BEGIN

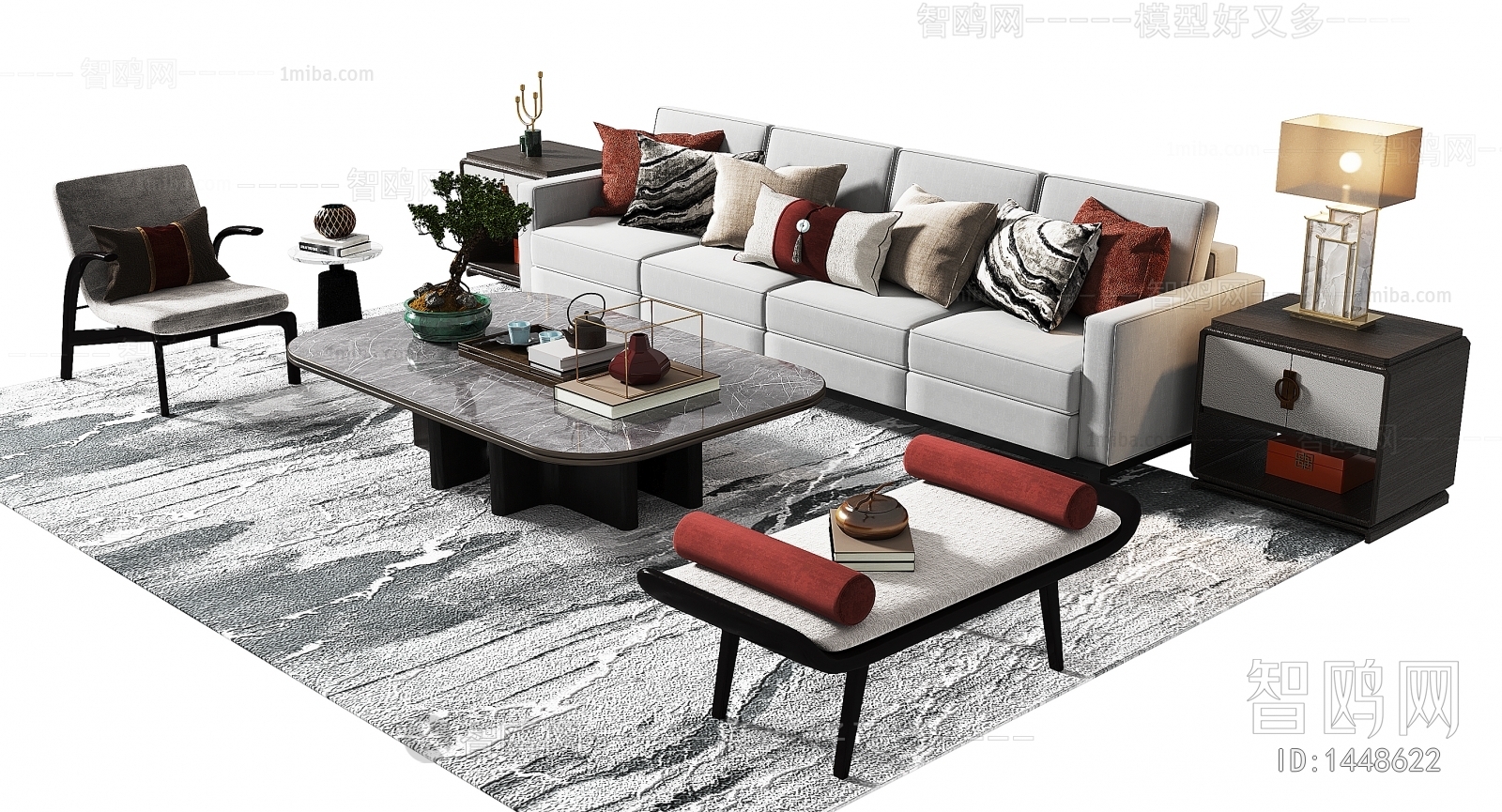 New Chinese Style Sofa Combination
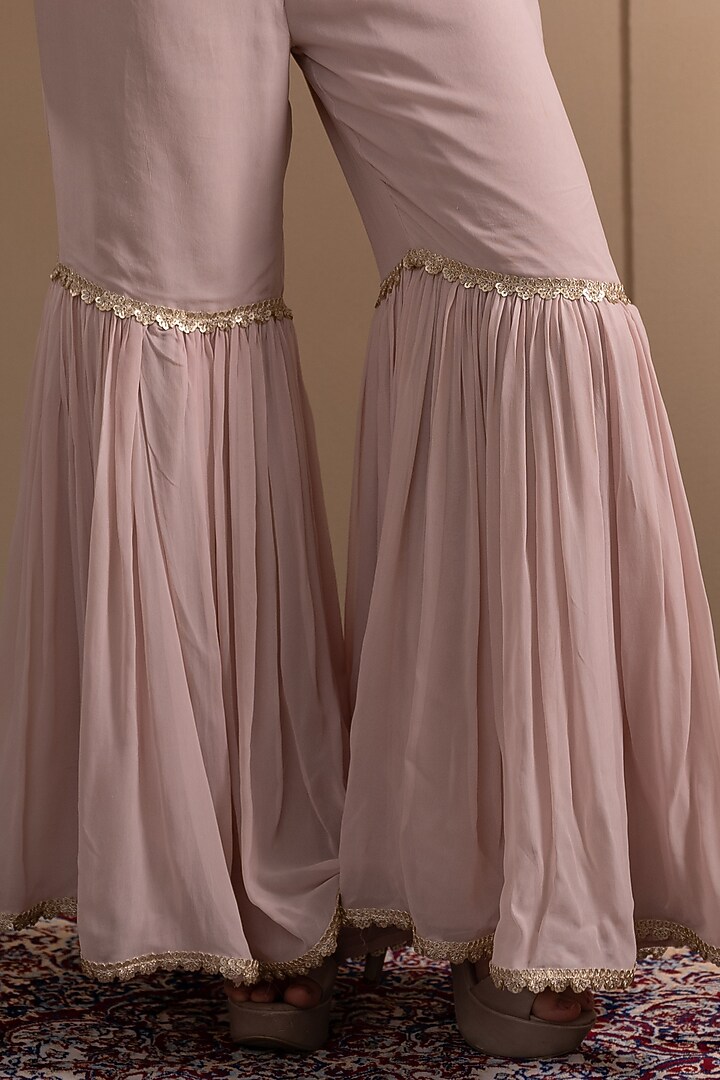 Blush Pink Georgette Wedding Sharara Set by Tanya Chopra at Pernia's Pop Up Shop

END
BEGIN

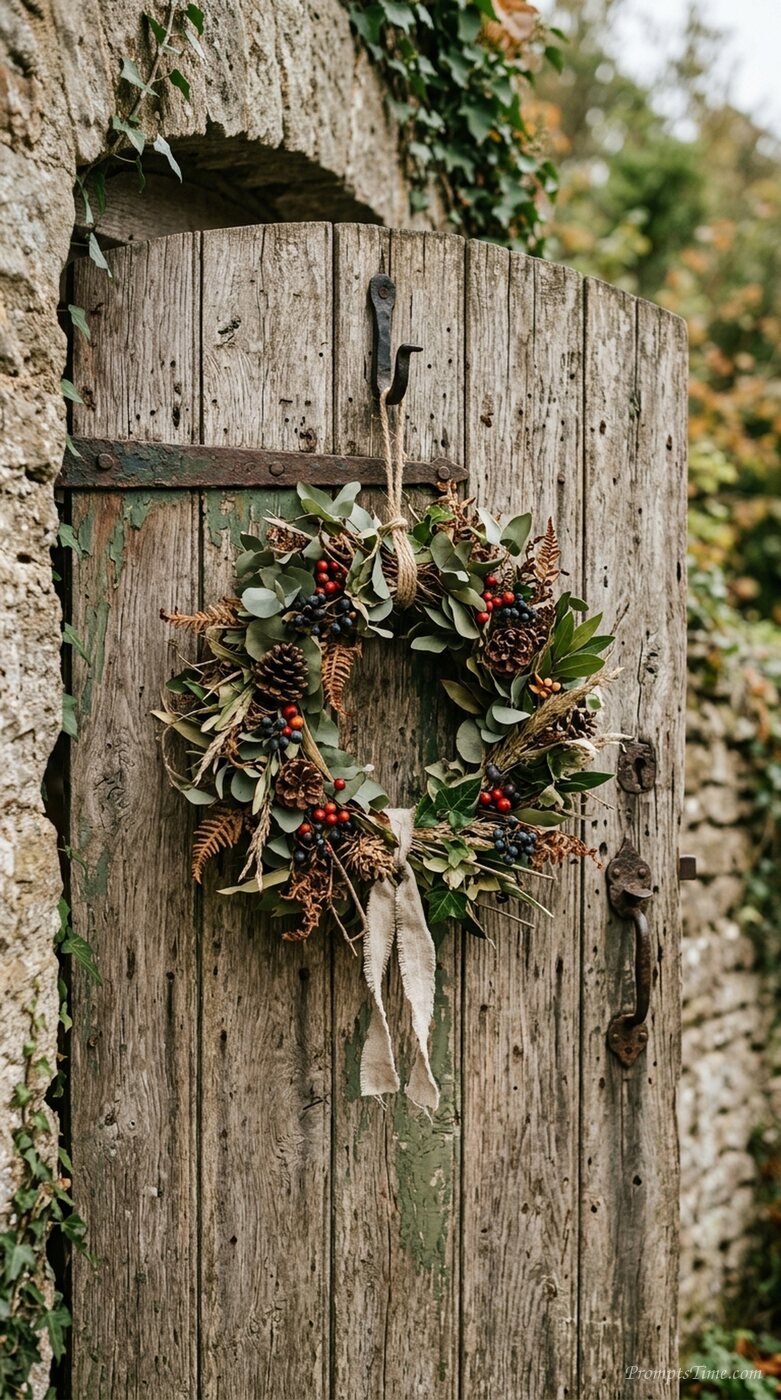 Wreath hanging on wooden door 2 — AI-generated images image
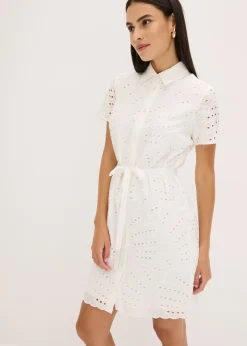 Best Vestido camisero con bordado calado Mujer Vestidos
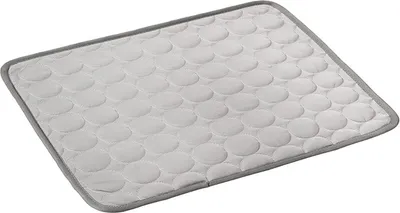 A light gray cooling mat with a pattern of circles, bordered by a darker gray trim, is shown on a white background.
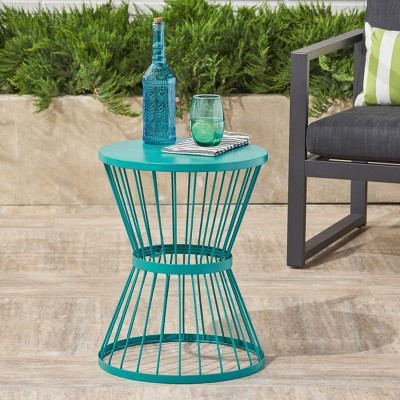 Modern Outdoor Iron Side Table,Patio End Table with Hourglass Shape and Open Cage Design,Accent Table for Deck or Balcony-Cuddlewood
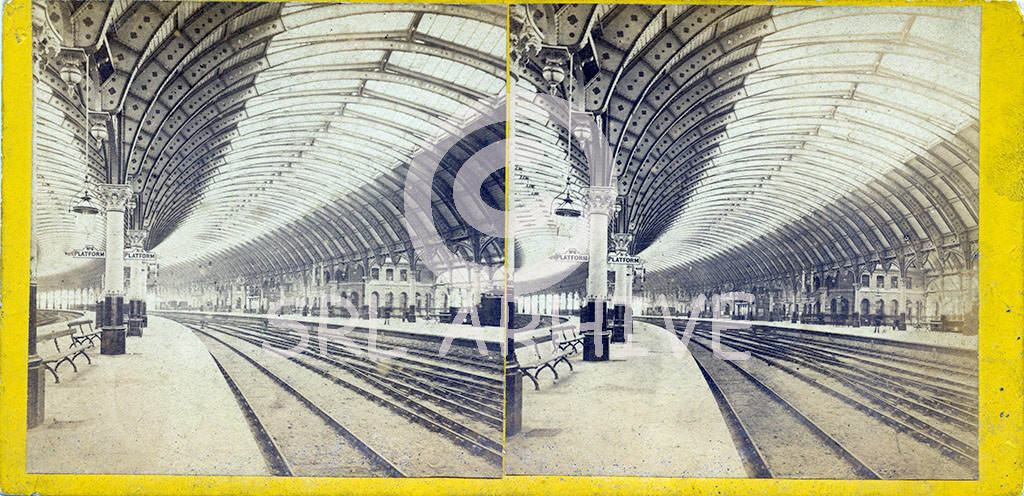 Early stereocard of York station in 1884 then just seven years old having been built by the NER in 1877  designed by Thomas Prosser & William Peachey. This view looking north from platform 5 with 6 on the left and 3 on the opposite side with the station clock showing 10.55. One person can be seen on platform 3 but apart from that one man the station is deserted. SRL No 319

END
BEGIN

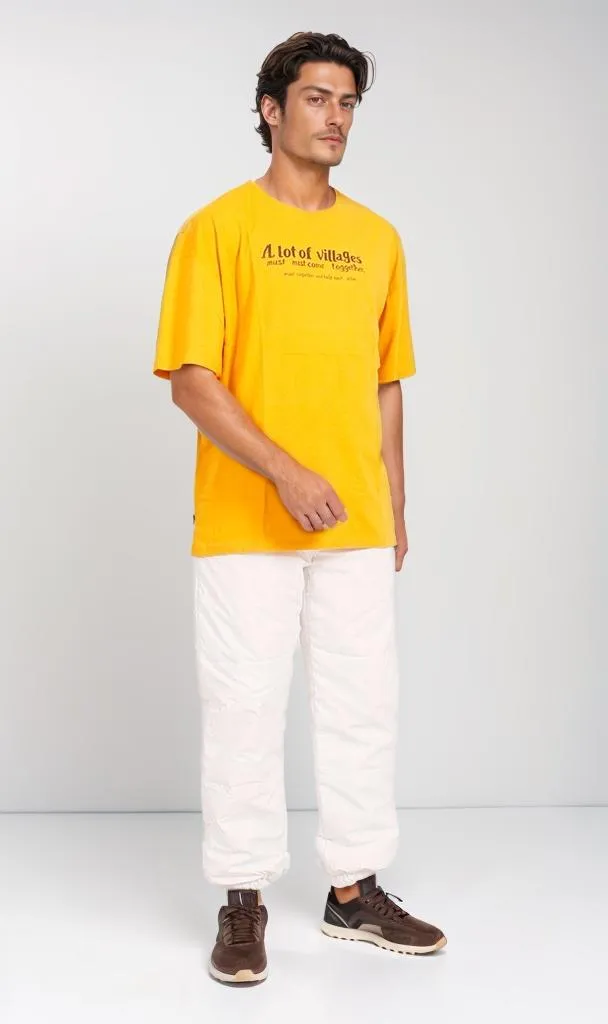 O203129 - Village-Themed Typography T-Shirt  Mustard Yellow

END

About this task: Exactly as written above, retype the lines starting at the one holding "Best Vestido camisero" and ending at the one holding "Early stereocard of", both included, but not the pictures.

Written answer:
 Best Vestido camisero con bordado calado Mujer Vestidos
 A light gray cooling mat with a pattern of circles, bordered by a darker gray trim, is shown on a white background.
 Modern Outdoor Iron Side Table,Patio End Table with Hourglass Shape and Open Cage Design,Accent Table for Deck or Balcony-Cuddlewood
 Early stereocard of York station in 1884 then just seven years old having been built by the NER in 1877  designed by Thomas Prosser & William Peachey. This view looking north from platform 5 with 6 on the left and 3 on the opposite side with the station clock showing 10.55. One person can be seen on platform 3 but apart from that one man the station is deserted. SRL No 319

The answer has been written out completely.